You’ve seen it many times on white and black football players alike. Originally started to reduce glare from bright sunlight reflecting off the skin, donning “eye black” turned into an aesthetic statement of pride, a kind of modern version of war paint. J.A. wore it in that spirit and enjoyed the game without incident.
A week later, J.A. and his parents were summoned to meet with the principal at Muirlands Middle School in La Jolla, California. The family was stunned to learn that J.A. was being suspended for two days. His offense: wearing “blackface” to a school function, violating school district policy. J.A.’s disciplinary notice called the facial display “Offensive comment, intent to harm.”
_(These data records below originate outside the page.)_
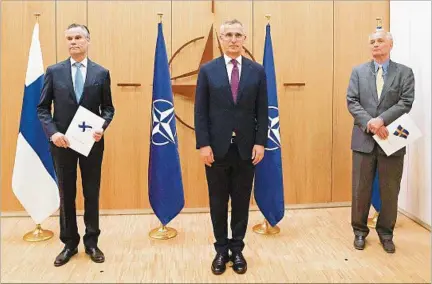 ?? ?? BRUSELAS. Los embajadore­s de Finlandia y Suecia ayer cuando entregaron el pedido de adhesión a la OTAN a su secretario general.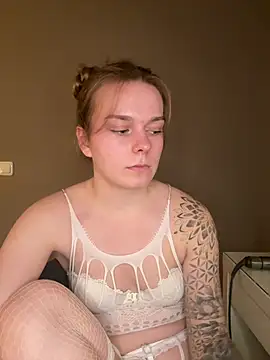 LisaFreierxx online show from February 22, 7:12 pm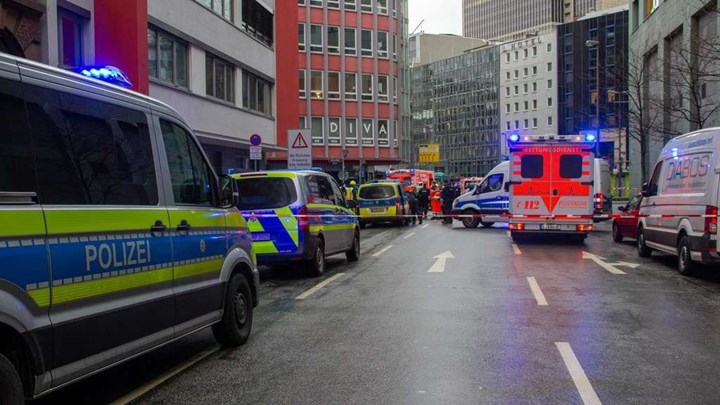 Φρανκφούρτη: Επίθεση αγνώστου με μαχαίρι – Πληροφορίες για πολλούς τραυματίες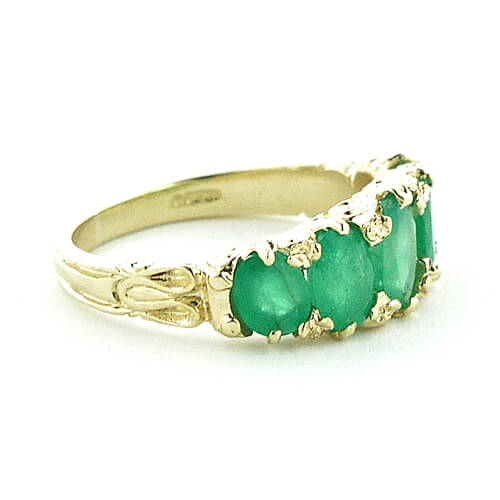 9ct Gold 3.5ct Emerald RingFree P&P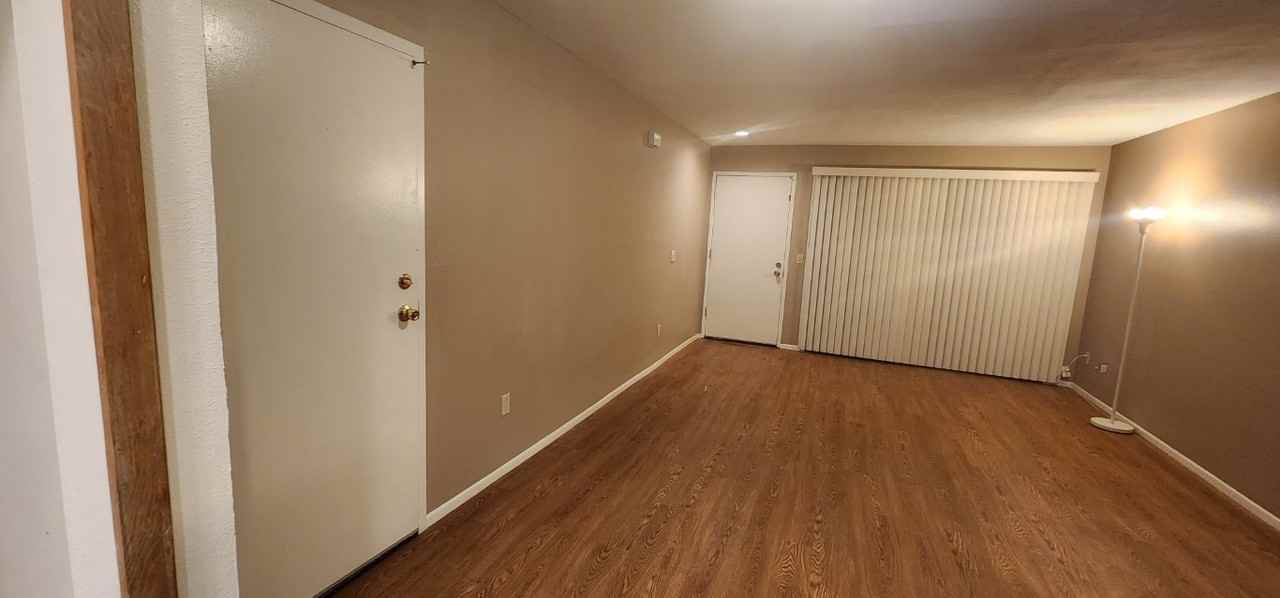 4320 50th Street #4 - Photo 2 of 21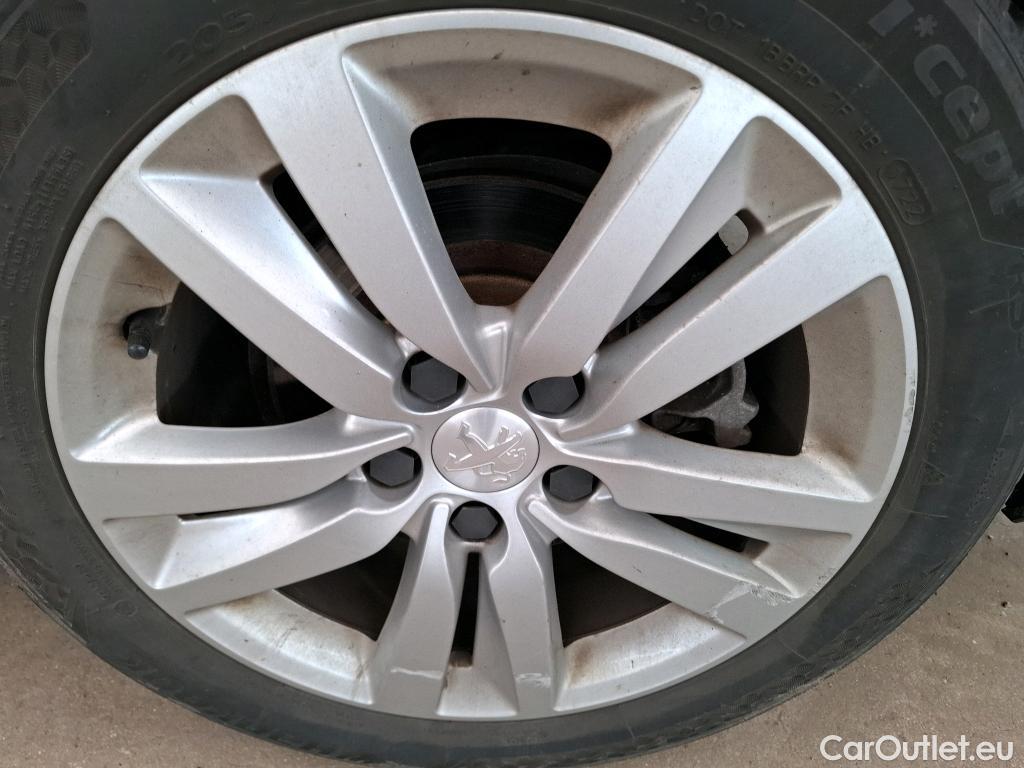  Peugeot  308   SW / 2017 / 5P / Break Puretech 110 SS Active Business / GARANTIE STELLANTIS 10 ANS VOIR PHOTO 2 #19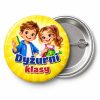 Przypinka Dyżurni Klasy Dzieci: przypinka dla dyżurnego z napisem Dyżurni klasy – przód i aluminiowy tył z agrafką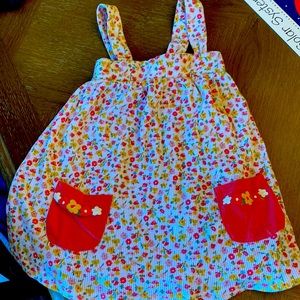 Lightweight summer dress with pockets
Making matters worse, there was no investigation. Officials hadn’t bothered to talk with J.A. and his family to get their side of the story. Progressive Educrats simply held a secretive Star Chamber session and pronounced judgment on the boy.
The family asked FIRE, the Foundation for Individual Rights and Expression, to help. An appeal was made asking to have the suspension expunged from J.A.’s academic record. The school district didn’t budge.
So, a lawsuit was filed in federal court two weeks ago, arguing that J.A.s right to free speech had been violated. The school principal, district superintendent, and 10 others are defendants.
J.A. now attends a different school. And we are yet again reminded that America has become so open-minded that its brain has fallen out.